Anyone who’s had the fortune to discover the beauty and allure of fly fishing the Upper Credit River for wild Brown and Brook Trout in years past surely has a heavy heart when they consider its current situation. The Upper Credit has always been a touchy subject. For decades, merely saying the name around those who fished it would result in a visible tightening of their lips. Today, you’re more likely to trigger a two hour rant about how the MNR and other groups have decimated the river with their misguided Atlantic Salmon Restoration Program and lack of focus on restoration and maintenance of the existing wild trout fishery.
In an effort to start things off on a more positive note, I want to share a couple great videos that my friend Steve Noakes compiled, sharing some of his fly fishing experiences on the Upper Credit River over the years.
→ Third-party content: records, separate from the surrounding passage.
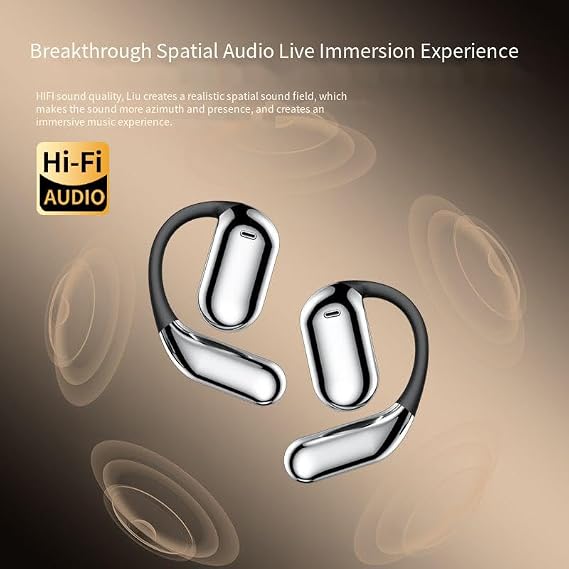 Open Ear Headphones Air Conduction Wireless Bluetooth Earphones with LED Display,Sweat Resistant,400 mAh Battery Capacity,30 Hours Playtime Waterproof Sport Headphones for Android iPhone TV,Black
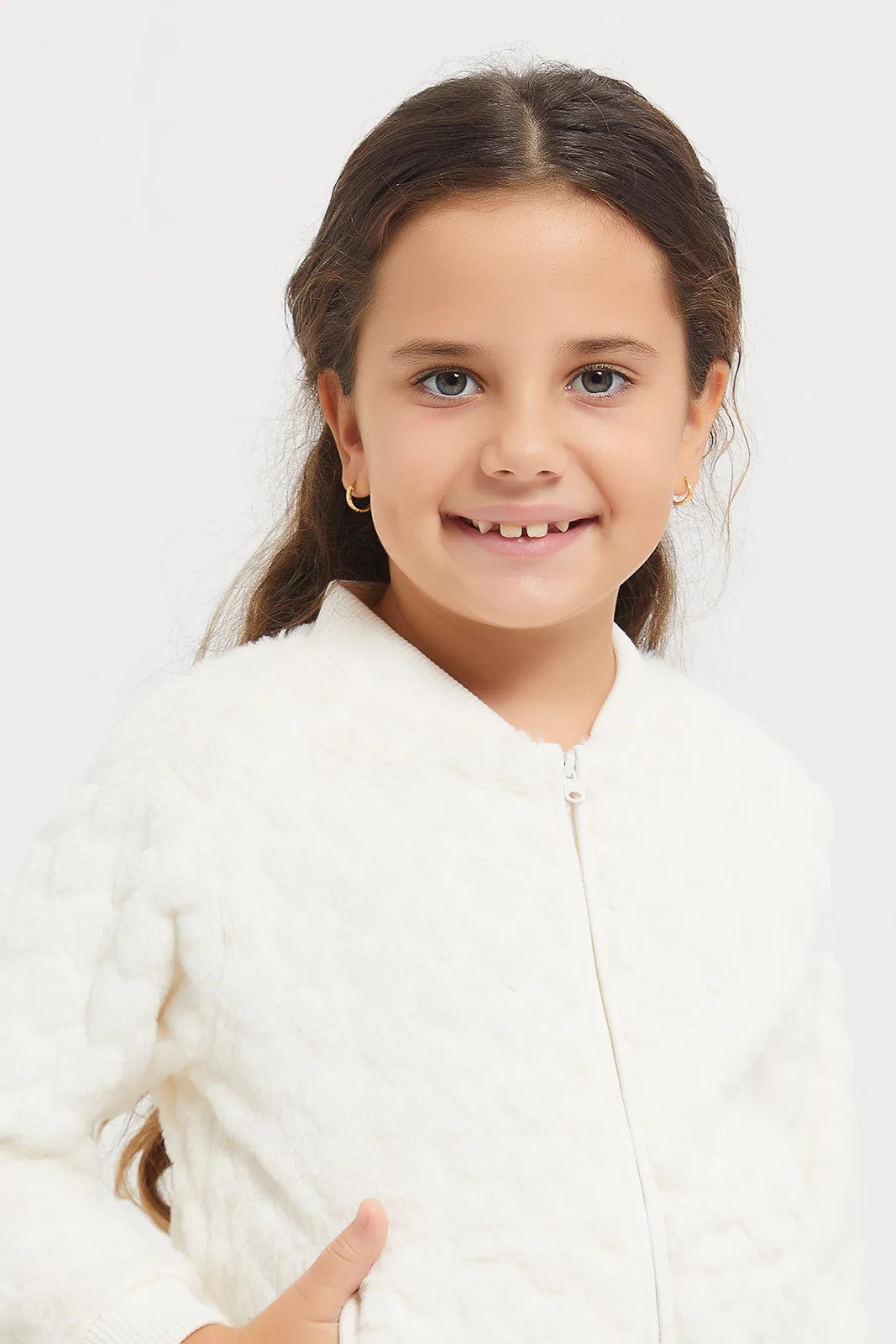 Girls Beige Sweatshirt With Front Zipper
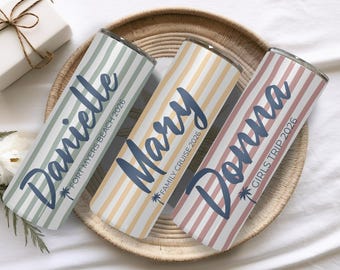 Custom Vacation Tumbler - Personalized Name -  Matching Beach Vacation -  Spring Break - Bachelorette Girls Trip 20oz Skinny Tumblers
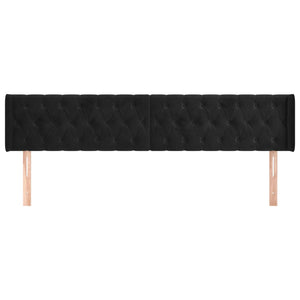 vidaXL Wingback Headboard Black 183x16x78/88 cm Velvet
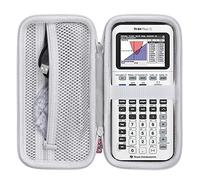 Khanka Étui de voyage rigide de rechange pour calculatrice graphique Texas Instruments TI-83 Plus/TI-84 Plus/TI-84 Plus CE (blanc brillant)
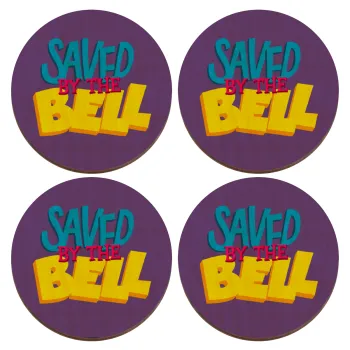 Saved by the Bell, ΣΕΤ x4 Σουβέρ ξύλινα στρογγυλά plywood (9cm)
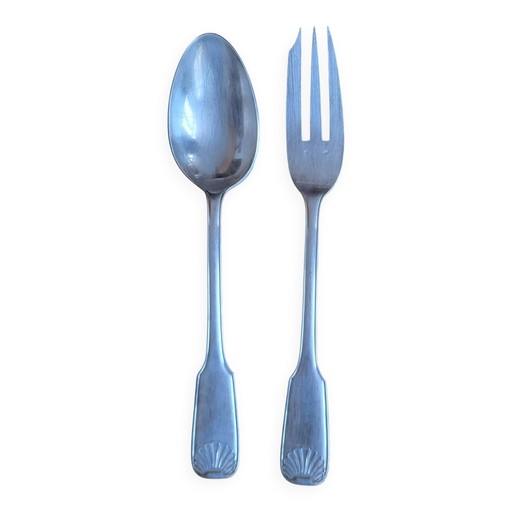 Silver-plated metal serving cutlery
He’s a strong advocate for protecting what we have on the Credit River today and has been heavily involved in numerous conservation groups and restoration projects. If you ever doubted whether the Credit has a wild Brown Trout fishery worth protecting, Steve’s videos do a good job convincing you it does!
I’ve already written a bunch about the issues the river is currently facing, some of which you can read here. There’s also an interesting thesis on the subject, written a few years ago by a University of Waterloo student. April Vokey even made a stop at the Credit River during part of the first episode of Shorelines last year, where she interviewed and talked with several key people on the subject. Although you won’t find a lot of political debate or side-taking on the show, I’ve heard from at least a couple people who have exchanged words or email with her, that it was shocking how many strongly opposing voices were encountered during the process.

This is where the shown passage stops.